◆ HOW TO COMPLETE THIS TASK ◆
Reproduce the listing below exactly. Pictures do not belong in the copy.

◆ TASK INPUT ◆
== Segment start ==
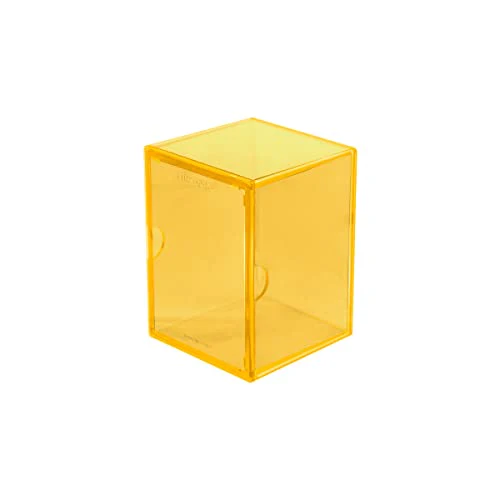 Deck Box Eclipse 2pc Lemon Yellow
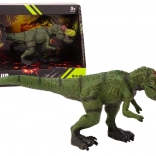 Verzamelbeeldje allosaurus – groene dinosaurus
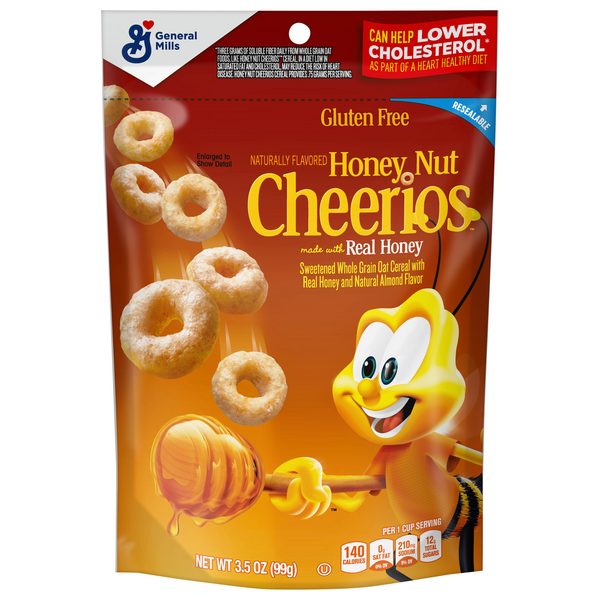 Is it Egg Free General Mills Cheerios Cereal Honey Nut Gluten Free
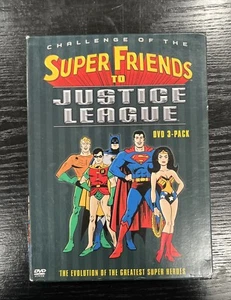 Challenge Of The Super friends To Justice League DVD Nib Sealed - Picture 1 of 4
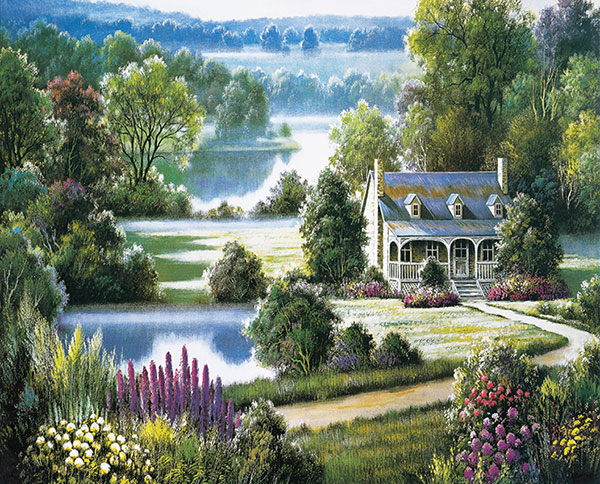 Compatible Landschaft JAHRRIESNGE  for village lpg2382 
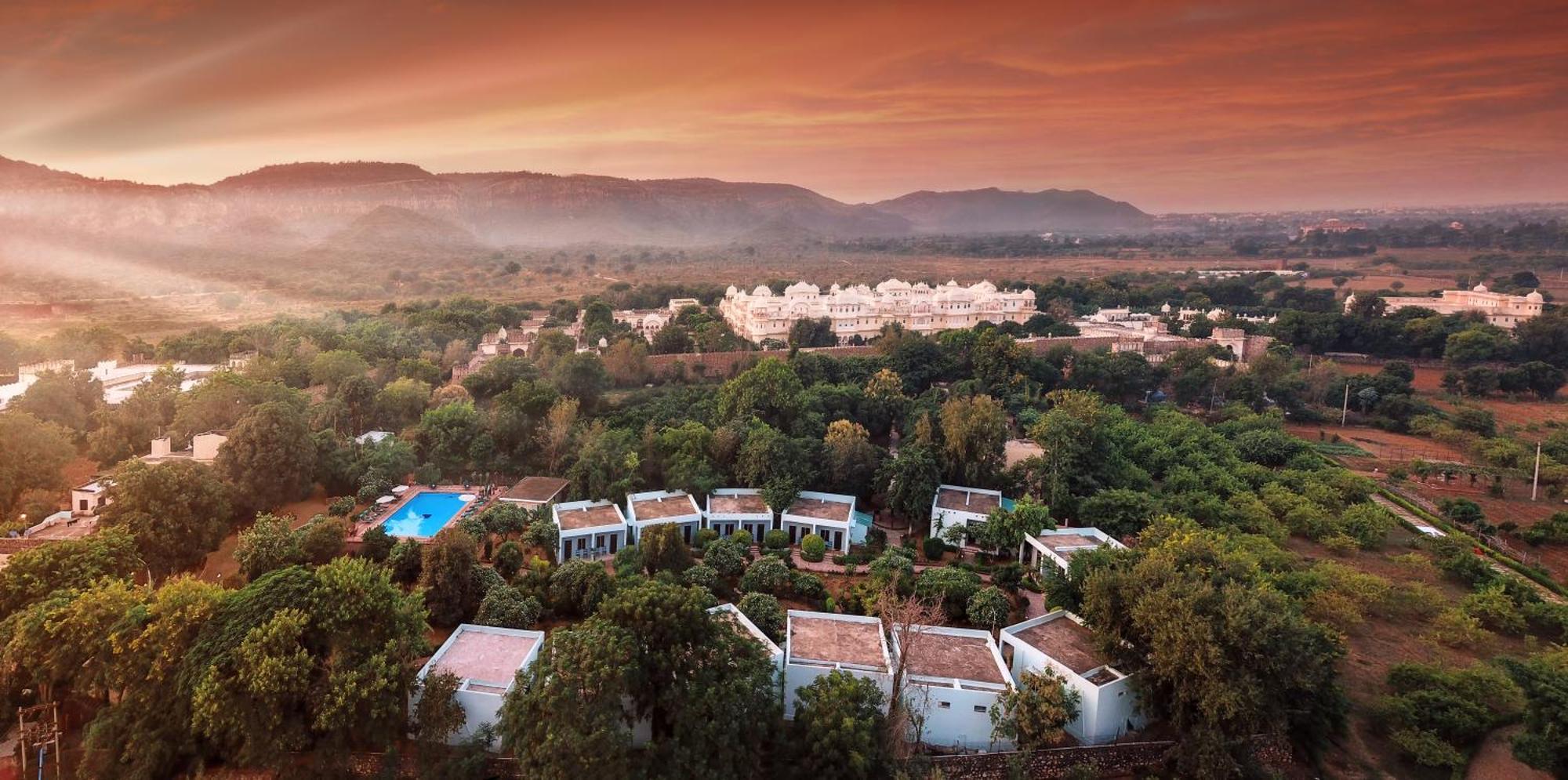 The Pugmark, A Wildlife Resort Савай-Мадгопур Екстер'єр фото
== Segment end ==
◆ EXERCISE RESULT ◆
 Deck Box Eclipse 2pc Lemon Yellow
 Verzamelbeeldje allosaurus – groene dinosaurus
 Is it Egg Free General Mills Cheerios Cereal Honey Nut Gluten Free
 Challenge Of The Super friends To Justice League DVD Nib Sealed - Picture 1 of 4
 Compatible Landschaft JAHRRIESNGE  for village lpg2382 
 The Pugmark, A Wildlife Resort Савай-Мадгопур Екстер'єр фото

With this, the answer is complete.